#### What you are asked to do:
Below are some records; output exactly the lines from the line with "Size: 2265x2087 |" to the line with "Modern Pineapple Black", both ends kept, and nothing more.

#### Input material:
++++++++
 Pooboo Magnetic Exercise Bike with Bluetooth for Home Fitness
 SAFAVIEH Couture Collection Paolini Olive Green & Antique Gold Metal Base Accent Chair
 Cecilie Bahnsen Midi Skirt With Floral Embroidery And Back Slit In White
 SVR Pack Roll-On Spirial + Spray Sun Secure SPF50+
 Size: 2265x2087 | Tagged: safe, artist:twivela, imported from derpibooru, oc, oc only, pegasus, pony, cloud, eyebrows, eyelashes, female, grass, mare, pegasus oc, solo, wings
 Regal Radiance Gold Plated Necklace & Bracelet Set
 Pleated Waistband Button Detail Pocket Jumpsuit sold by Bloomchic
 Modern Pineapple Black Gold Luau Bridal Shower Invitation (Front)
++++++++
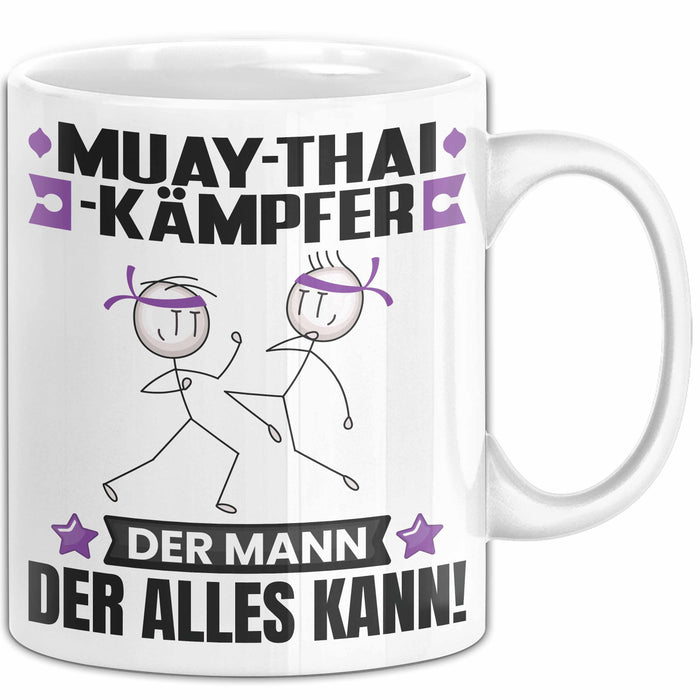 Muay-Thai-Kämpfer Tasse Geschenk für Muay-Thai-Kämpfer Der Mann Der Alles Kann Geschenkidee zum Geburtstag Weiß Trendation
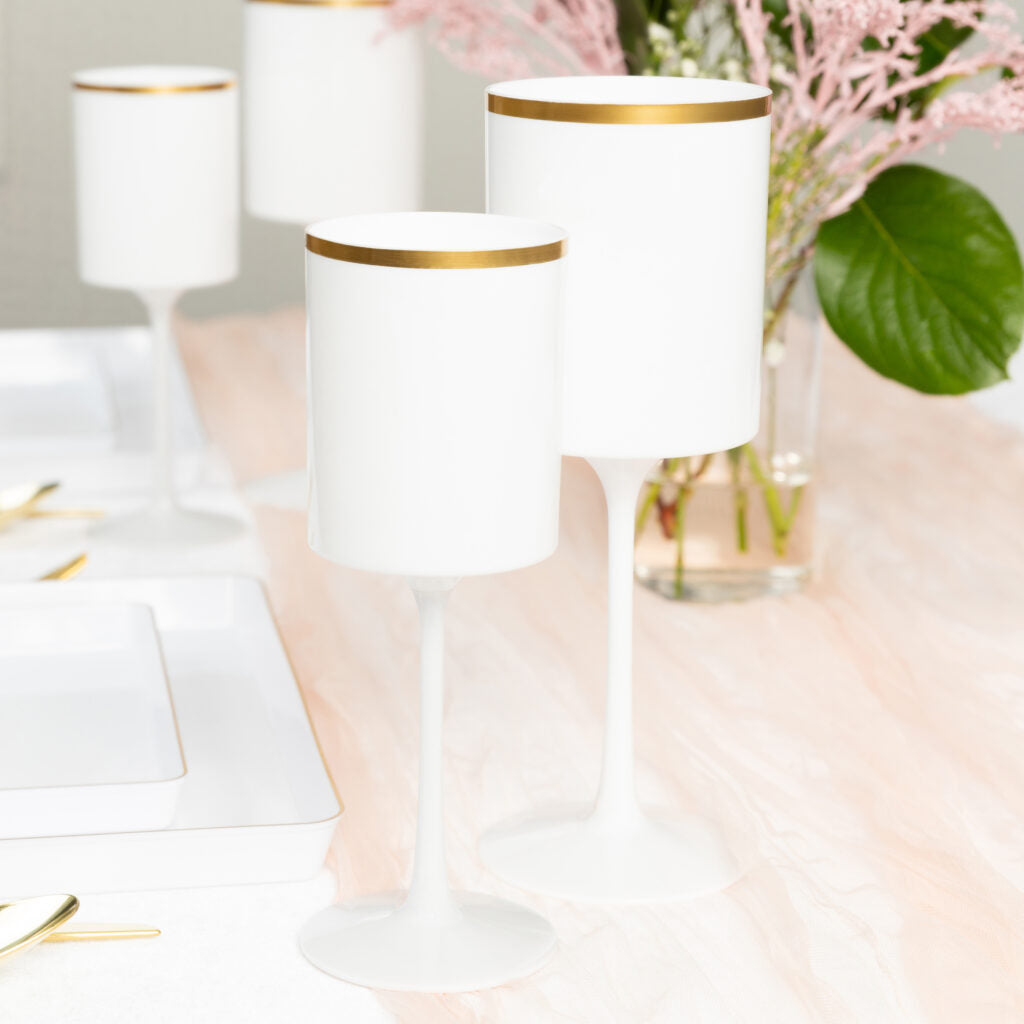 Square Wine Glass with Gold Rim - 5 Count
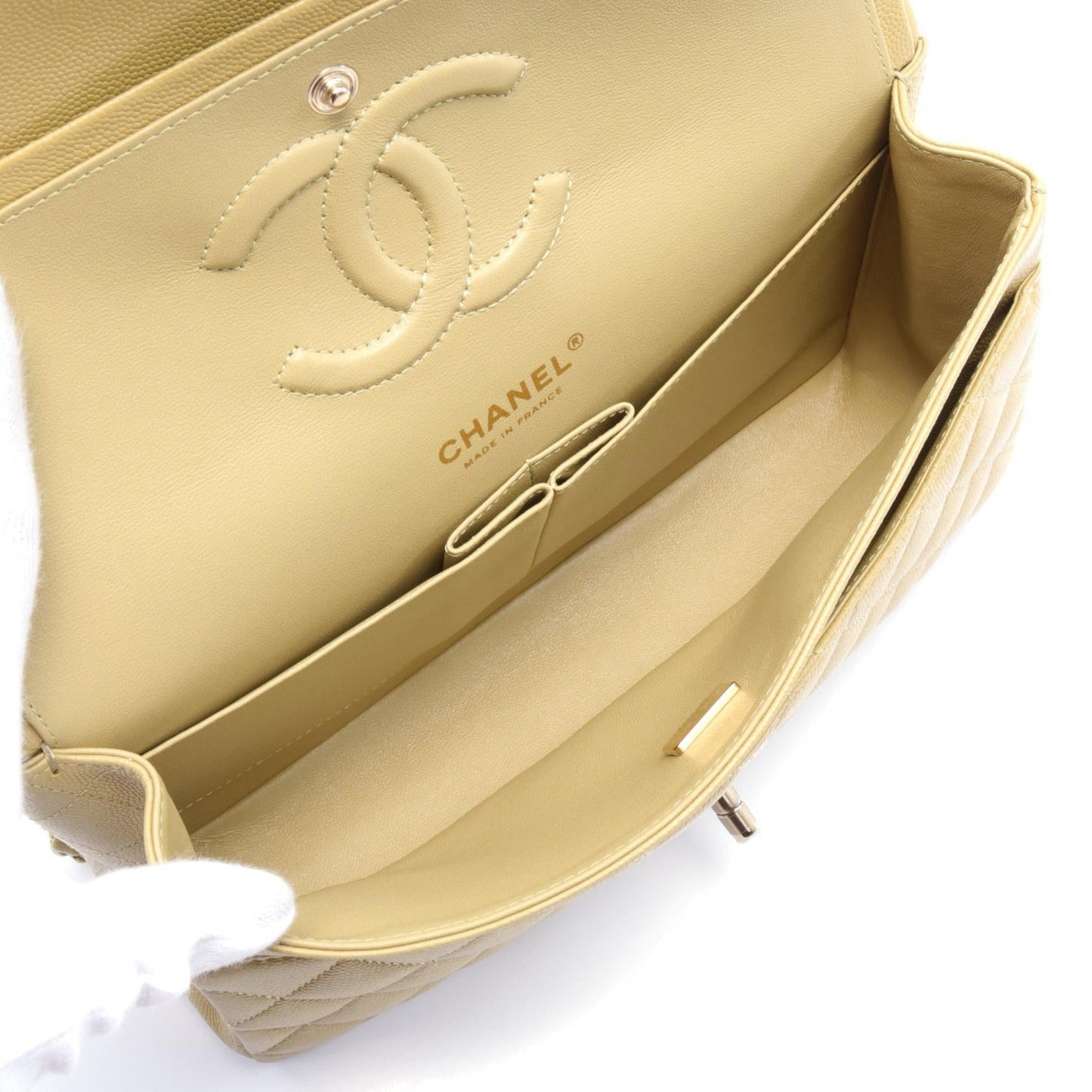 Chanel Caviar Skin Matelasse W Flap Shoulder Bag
++++++++
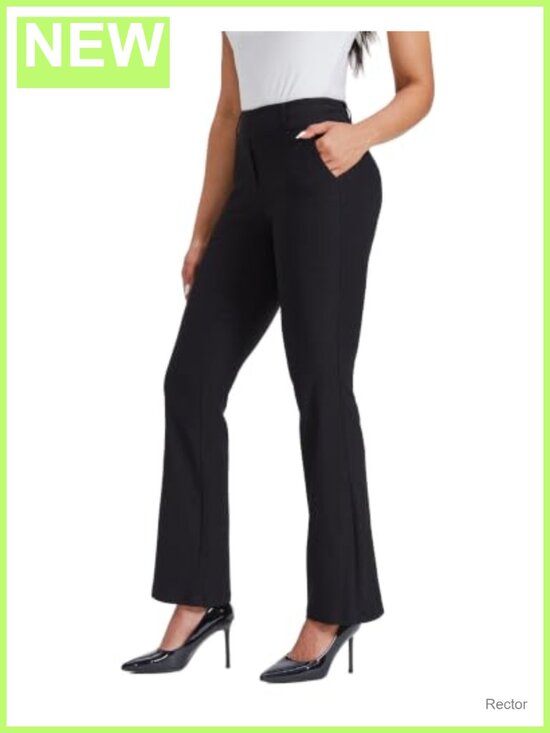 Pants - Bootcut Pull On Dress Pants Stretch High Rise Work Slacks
++++++++
#### Task result:
 Size: 2265x2087 | Tagged: safe, artist:twivela, imported from derpibooru, oc, oc only, pegasus, pony, cloud, eyebrows, eyelashes, female, grass, mare, pegasus oc, solo, wings
 Regal Radiance Gold Plated Necklace & Bracelet Set
 Pleated Waistband Button Detail Pocket Jumpsuit sold by Bloomchic
 Modern Pineapple Black Gold Luau Bridal Shower Invitation (Front)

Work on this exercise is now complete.